Her identity known, her place of honor recognized, and her eyes understood; there remains one element of the ghost story that the archives cannot reconcile. The most popular telling of Martha’s tale consistently claims some wrongdoing by her husband in life that causes her to be ever watching him in death. Martha’s crypt identifies her as “Martha Moor, wife of John M. Martin,” but there is no space labeled for John. Though Martha was one of four burials removed to Green Mount from Fredericktown in 1926, the accompanying three were her parents and her daughter, her husband is not listed.
When Martha died, John M. Martin [1823-1903] was 57 years old. With a lot of life still ahead of him, he buried Martha with her parents in Fredericktown and then he started over. On February 1, 1881, four months after Martha’s death, her widower was married to a woman 20 years younger than he, widow Isabelle (Barr) Montgomery [1843-1930], with whom he raised a second family.

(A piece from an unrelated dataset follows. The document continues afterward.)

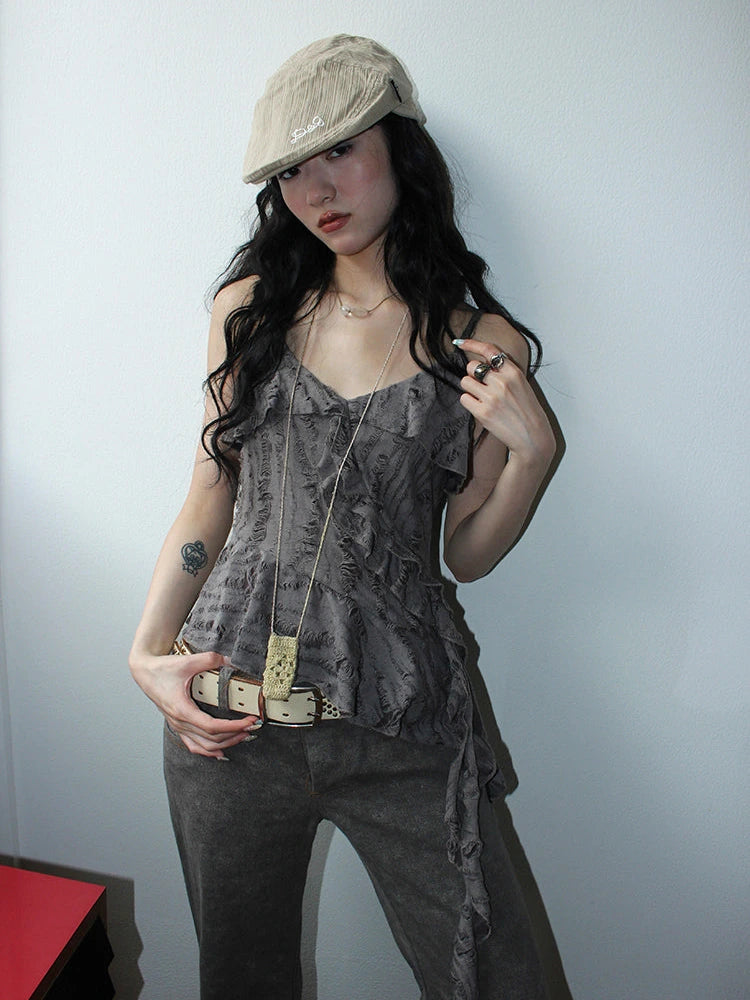 Distressed Asymmetrical Hem V-Neck Tank Top with Ruffle Straps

The sons of John and Martha (Moor) Martin brought their mother to the mausoleum and put her picture in the window, but left their father where he lay. John was not buried with either of his wives. He rests with his father and a son by his second marriage at Amity Cemetery in Washington County, Pennsylvania.
In the end, the one piece of Martha’s mysterious stare that cannot be reasoned away is the possibility that she really is forever watching for her absent husband.